Quant au Hualong 1, il est équipé des composants lourds similaires à ceux déjà utilisés dans un grand nombre de réacteurs chinois de génération II+ en service, dont l’expérience est riche dans l’exploitation. Les risques essentiels du Hualong 1 résident dans les changements d’implantation sur le plan d’aménagement, et non dans les performances d’équipements. A présent, le chantier de Fuqing 5 fonctionne très bien et respecte le planning prévu. Dès que les travaux de génie civil de Fuqing 5 auront pris fin en 2017, l’autorisation d’un réacteur du même type pourra être envisagée.

Quels seront les grands défis du programme nucléaire chinois ? Quelles seront les contraintes qui le limitent ?

ZL - Les défis résident sous plusieurs aspects : l’optimisation des codes et standards de sûreté, l’amélioration de la capacité d’agir de l’autorité de régulation de sûreté, l’étude sur la construction de centrales nucléaires à l’intérieur des terres, le renforcement de la culture de sûreté pour les exploitants et le soutien de l’Etat en faveur de l’exportation de centrales nucléaires…

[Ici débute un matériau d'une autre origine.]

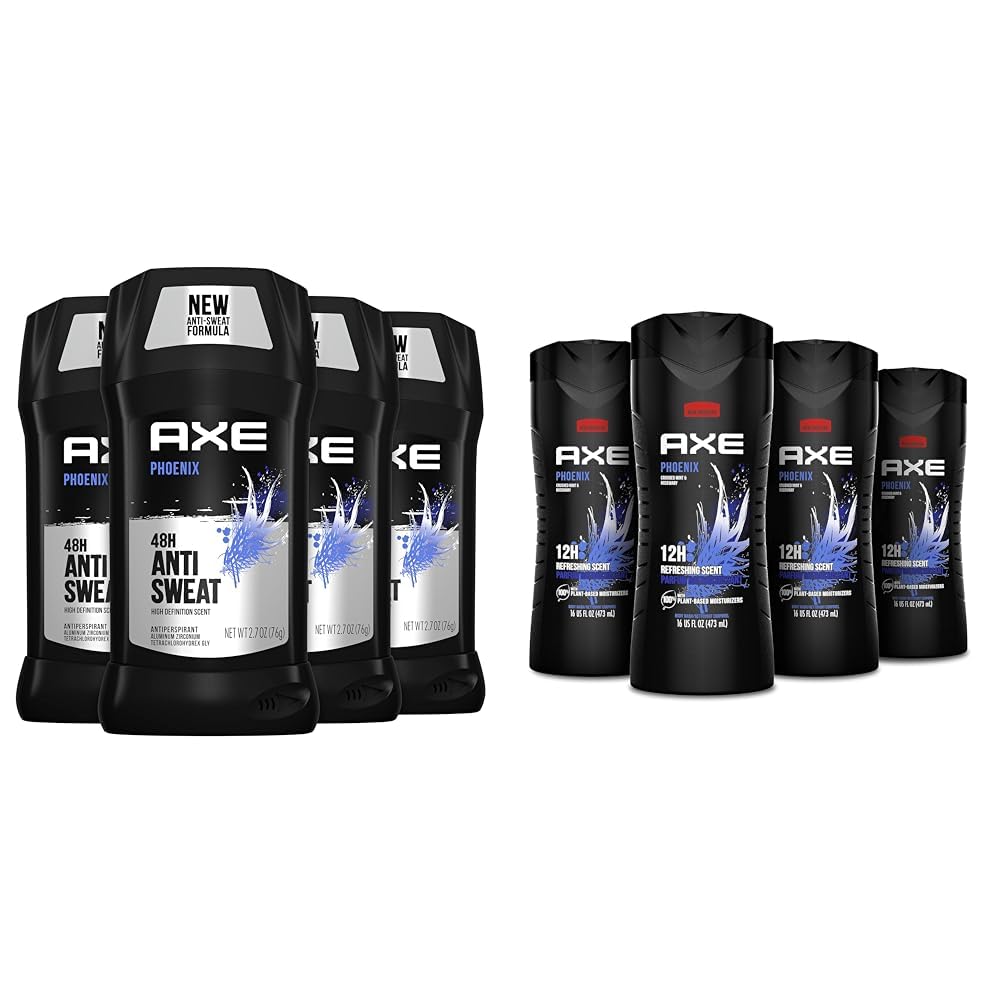 AXE Antiperspirant Deodorant for Men Phoenix 4PK 48H Sweat & Odor Protection for Long Lasting Freshness & Body Wash Phoenix 4 Count 12h Refreshing Scent Crushed Mint & Rosemary Men's Body Wash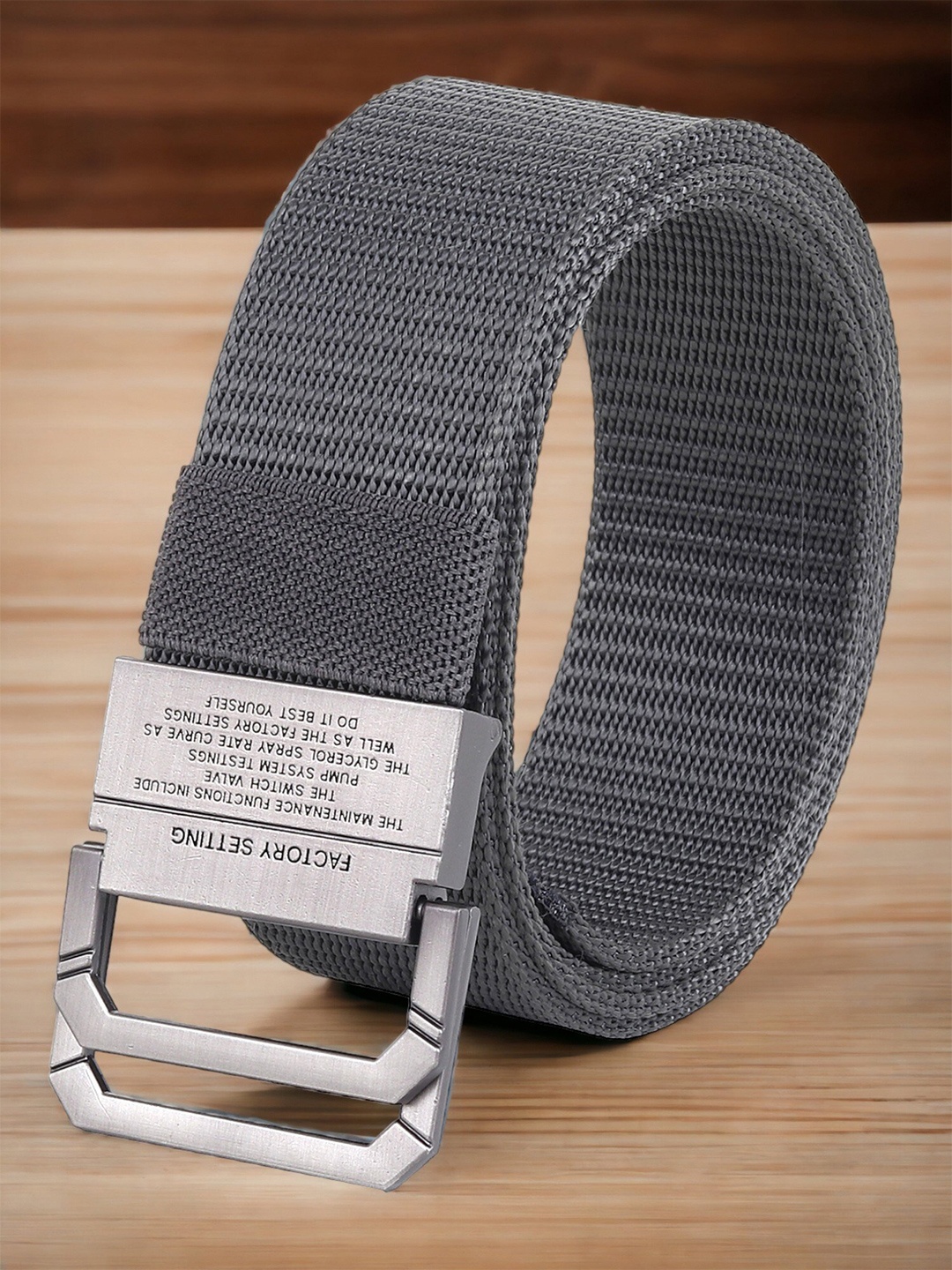 

Mast & Harbour Men Textured Belt, Grey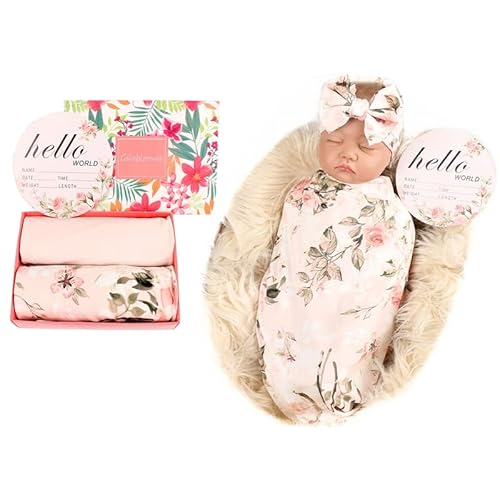 Galabloomer Receiving Blanket Headband Set Flower Print Baby Swaddle Receiving Blankets Vintage Rose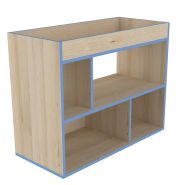 Bibliothèque 1 - Meuble de rangement à cases fixes pour crèches - Dimensions et options personnalisables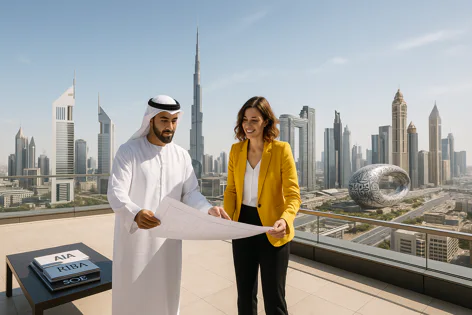 Man in traditional attire and woman in yellow blazer reviewing blueprints on a rooftop with the Dubai skyline, Burj Khalifa, and Museum of the Future in the background.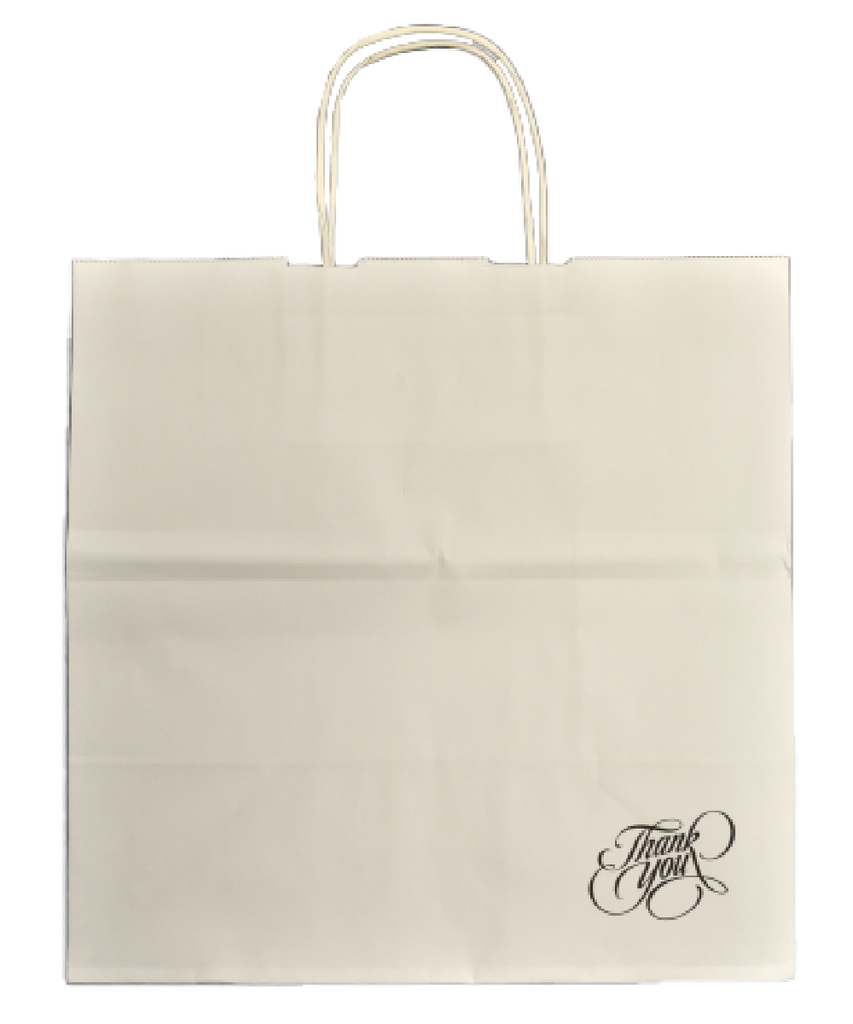 BAG PAPER HVY WHITE BISTRO w/TWIST HANDLE 11.8"X7"X12" "THANK YOU" RECYCLABLE - 250/BOX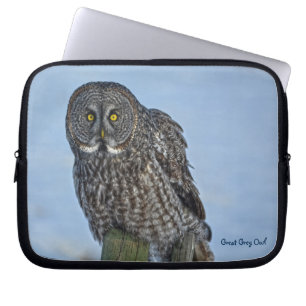 Great Grey Owl Raptor Winter Wildlife Photo Laptop Sleeve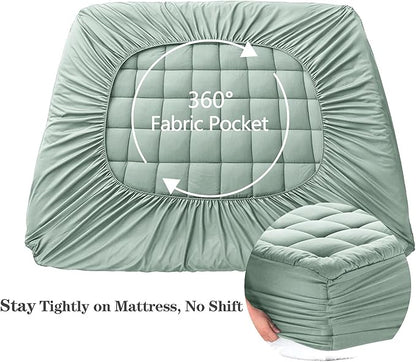 EASELAND King Size Mattress Pad Pillow Top Mattress Cover Quilted Fitted Mattress Protector 8-21" Deep Pocket Cooling Mattress Topper (78x80 Inches, Pale Aqua)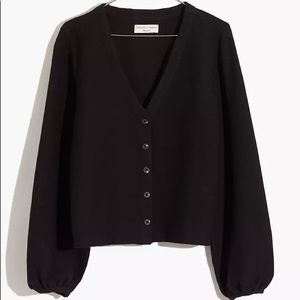 Madewell textured balloon sleeve cardigan top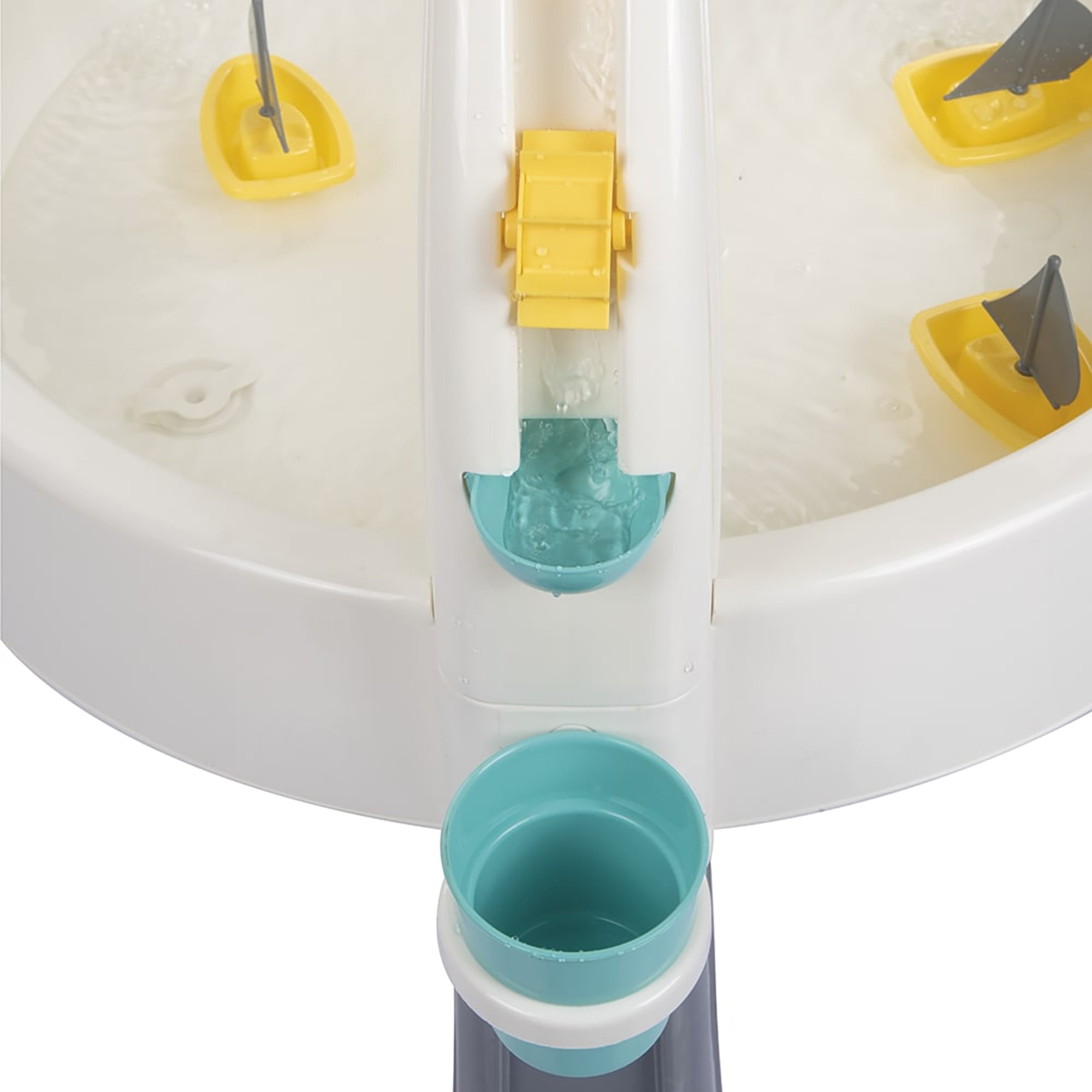 Dolu: Fun Fountain Water Table: White, Green, Yellow - Sand & Water Activity Table, Indoor/Outdoor, Durable Plastic, Sensory Toy, Toddler Kids Ages 2+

Mais je crois que le plus important est d’être conscient de l’enjeu de l’autonomie pour conserver l’initiative du programme nucléaire chinois, car les expériences tirées du démonstrateur Hualong 1 et des projets AP1000 montrent la nécessité de s’appuyer sur nos propres moyens : un type de réacteur de développement chinois, les capacités de fournir des équipementiers par des fabricants chinois et l’importance de disposer d’un tissu industriel couvrant l’ensemble des activités nucléaires.

Cet article est un résumé d'articles parus dans la presse chinoise. Il n'engage en aucun cas ni la responsabilité de l’Ambassade de France en Chine, ni celle de son Service nucléaire.